[SOURCE DATA — start]

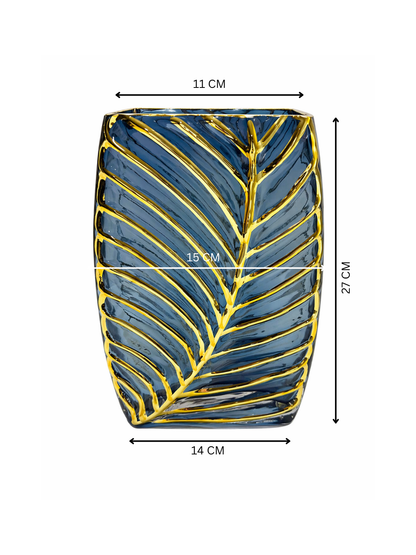Glass golden stripped Flower Vase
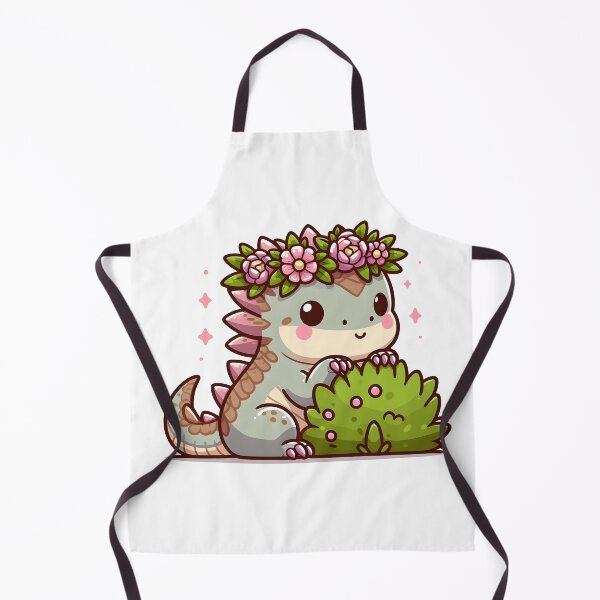 Item preview, Kawaii Bashful Basilisk With A Flower Crown designed and sold by CanvasCutie.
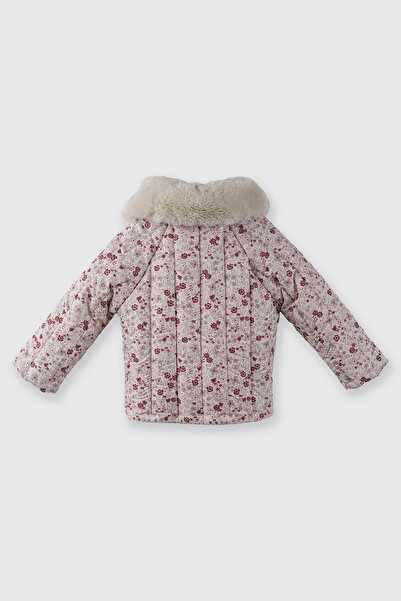 Panço Kız Bebek Yakası Tak Çıkar Kürklü Çıtçıtlı Çiçek Desenli Ekru Mont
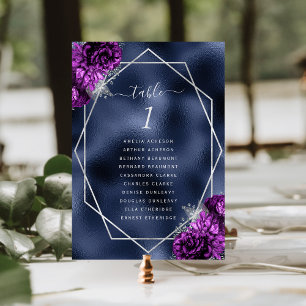Numéro De Table Mariage à huile bleu marine Floral Silver Frame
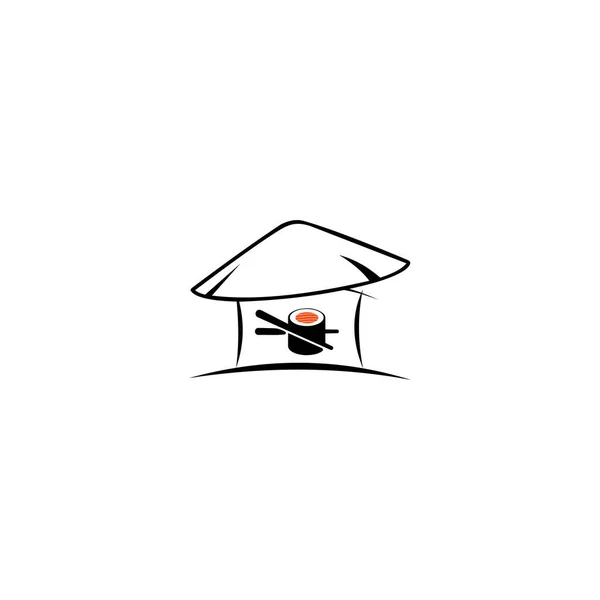 Logo Vectoriel Sushi Icône Symbole Emblème Sign Logo Bar Shop — Image vectorielle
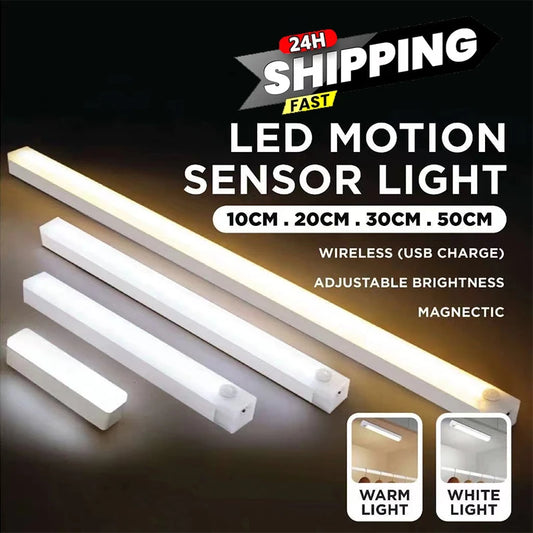 UltraBright™ Motion Sensor LED Cabinet Light – Rechargeable, Dimmable & Wireless Night Bar Lamp
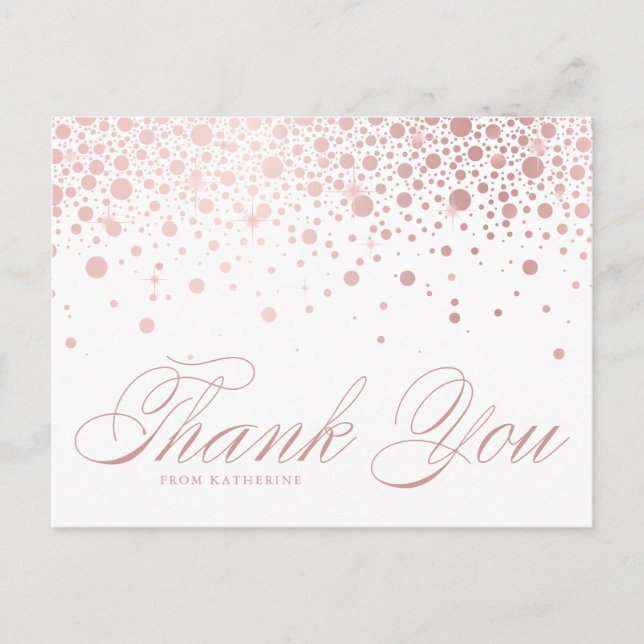Rose Gold Foil Confetti Dots Thank You Postcard (Front)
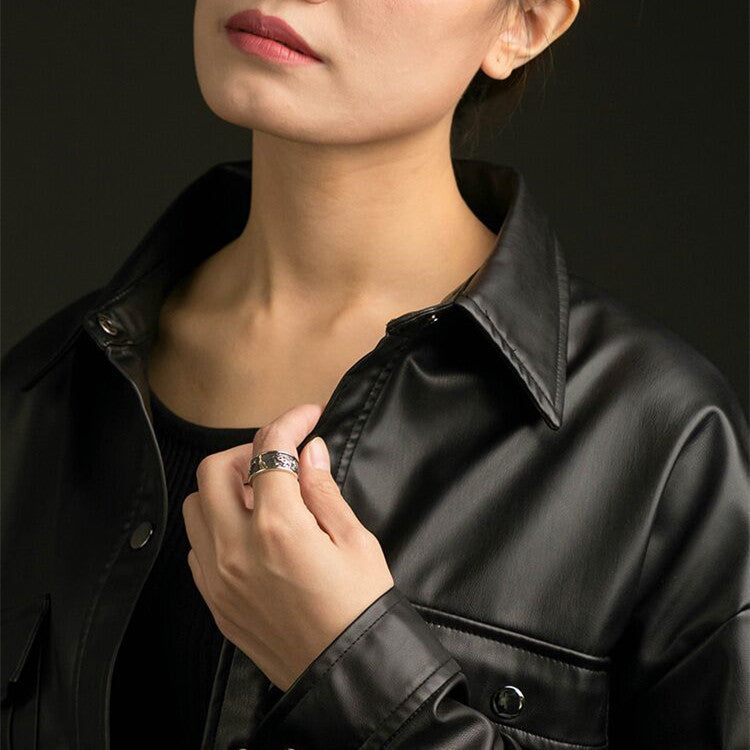 Womens Copper Ring Adjustable Vintage Geometric Shape European Retro Victory Letter Dark Vintage Fit 10mm Open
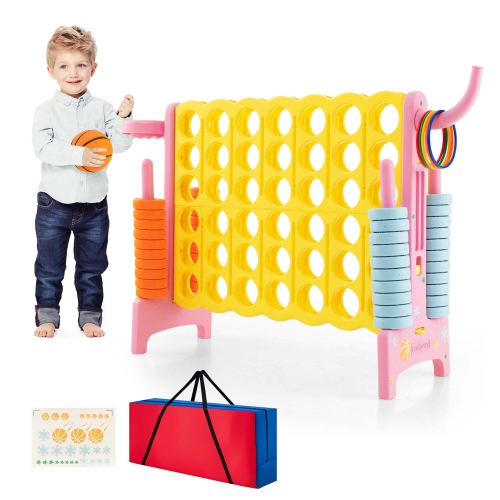 COSTWAY  Jumbo 4-To-Score 4 In A Row Giant Game Set With Stickers for Kids Adults With Storage Carry Bag Pink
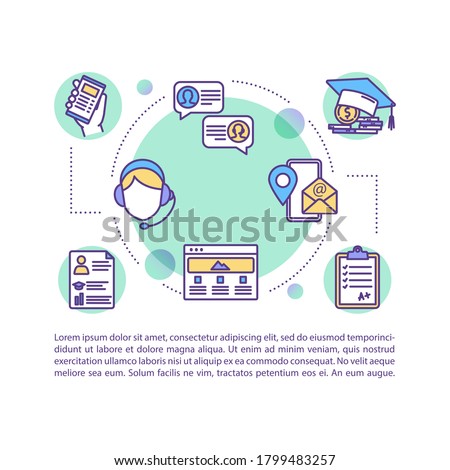 Law school online assistance concept icon with text. Studying jurisprudence. Contact university. PPT page vector template. Brochure, magazine, booklet design element with linear illustrations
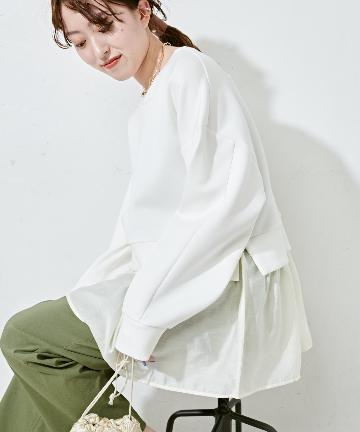 ダンボール裾ペプラムプルオーバー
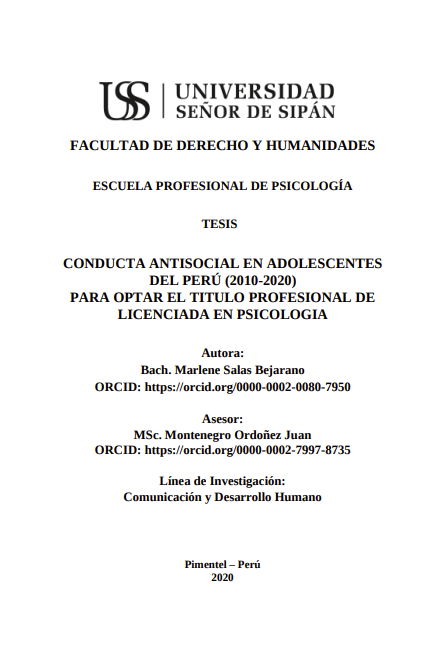 Conducta antisocial en adolescentes del Perú (2010-2020)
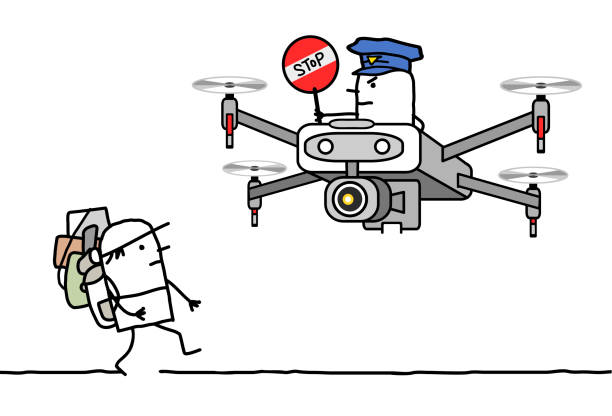 Cartoon man with backpack stopped by a cop riding a drone hand drawn Cartoon man with backpack stopped by a cop riding a drone drone borders stock illustrations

[SOURCE DATA — finish]

§ **PROBLEM REQUIREMENTS**
Output a verbatim copy of the entries and skip the pictures.

§ **TASK SOLUTION**
Glass golden stripped Flower Vase
 Item preview, Kawaii Bashful Basilisk With A Flower Crown designed and sold by CanvasCutie.
 Panço Kız Bebek Yakası Tak Çıkar Kürklü Çıtçıtlı Çiçek Desenli Ekru Mont
Numéro De Table Mariage à huile bleu marine Floral Silver Frame
 Logo Vectoriel Sushi Icône Symbole Emblème Sign Logo Bar Shop — Image vectorielle
 UltraBright™ Motion Sensor LED Cabinet Light – Rechargeable, Dimmable & Wireless Night Bar Lamp
Rose Gold Foil Confetti Dots Thank You Postcard (Front)
 Womens Copper Ring Adjustable Vintage Geometric Shape European Retro Victory Letter Dark Vintage Fit 10mm Open
 COSTWAY  Jumbo 4-To-Score 4 In A Row Giant Game Set With Stickers for Kids Adults With Storage Carry Bag Pink
 Law school online assistance concept icon with text. Studying jurisprudence. Contact university. PPT page vector template. Brochure, magazine, booklet design element with linear illustrations
 ダンボール裾ペプラムプルオーバー
 Conducta antisocial en adolescentes del Perú (2010-2020)
 Cartoon man with backpack stopped by a cop riding a drone hand drawn Cartoon man with backpack stopped by a cop riding a drone drone borders stock illustrations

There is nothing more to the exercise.